Analysis and Root Cause
While analyzing why the OCI Load Balancer was setting the backend into an unhealthy state, I realized, that there were tons of errors in the access log of the Oracle HTTP Server that is part of E-Business Suite as follows:
[2023-07-19T19:16:14.0055+02:00] [OHS] [ERROR:32] [OHS-9999] [core.c] [host_id: master230703app01] [host_addr: 172.31.11.76] [pid: 18249] [tid: 139845577930496] [user: oracle] [VirtualHost: main] [client ::1] ModSecurity: Access denied with code 400 (phase 1). Match of "rx ^mastebsapp.oci.promatis.de(:443)?$" against "REQUEST_HEADERS:Host" required. [file "/u01/install/APPS/fs1/FMW_Home/webtier/instances/EBS_web_OHS1/config/OHS/EBS_web/security2.conf"] [line "77"] [id "100017"] [hostname "mastebsapp.oci.promatis.de"] [uri "/index.html"] [unique_id "ZLgaXqwfC0wAAEdJHK8AAAAU"]
Analyzing further, I found that this is due to a new line in security2.conf generated through the latest template for that file (security2_conf_FMW.tmp 120.5.12020000.19):
< SecRule REQUEST_HEADERS:Host !^mastebsapp.oci.promatis.de(:443)?$ phase:1,id:100017,deny,log,t:lowercase,status:400
While this is generally a good idea, it is not compatible with the health checks that are usually performed by OCI Load Balancers:
Regular Health Check for OCI Load Balancer
Performing a HTTP is usually a clever idea, however, the OCI Load Balancer has no way to pass a host name to the backend during the health check.
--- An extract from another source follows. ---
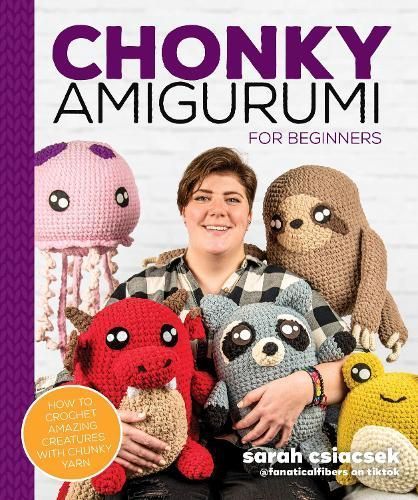 Chonky Amigurumi for Beginners By Sarah Csiasek 9780744059205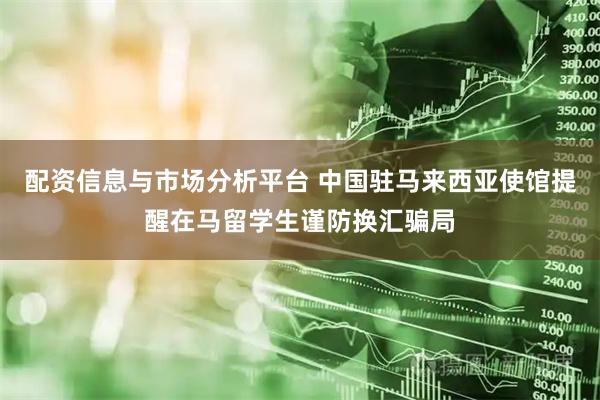 配资信息与市场分析平台 中国驻马来西亚使馆提醒在马留学生谨防换汇骗局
That leads to the health check failing, putting the seemingly down backend out of rotation:
Failed Load Balancer health check
I have filed a SR for this, and Oracle is working on it with bug 35626508.
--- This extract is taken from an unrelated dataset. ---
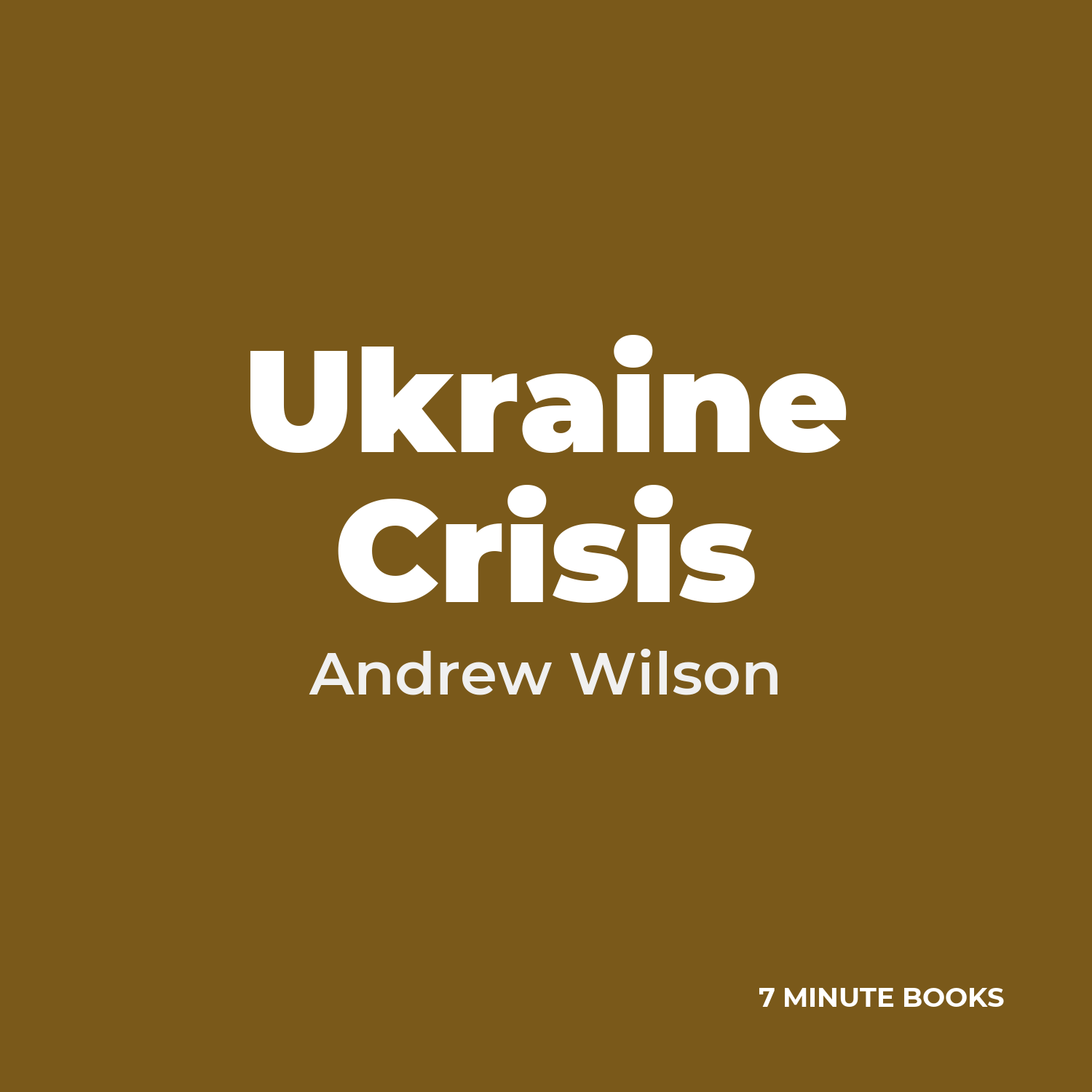Ukraine Crisis — by Andrew Wilson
There is a bunch of workarounds: I decided to change the health check to be a TCP level check which is just a click of a button in the OCI Console:
Update the health check to be just TCP
Other alternatives would have been:
- Change the Status Code from 200 to 400 (which is what the server answers). I dislike that with this approach the log file is still filled up with above errors.
- Change the security.conf to remove that line: This has the disadvantage of the file being overwritten on the next autoconfig run.
- Change the security2_conf_FMW.tmp: This is probably the best way, but since I'm waiting for a official solution anyway it was not worth the additional effort.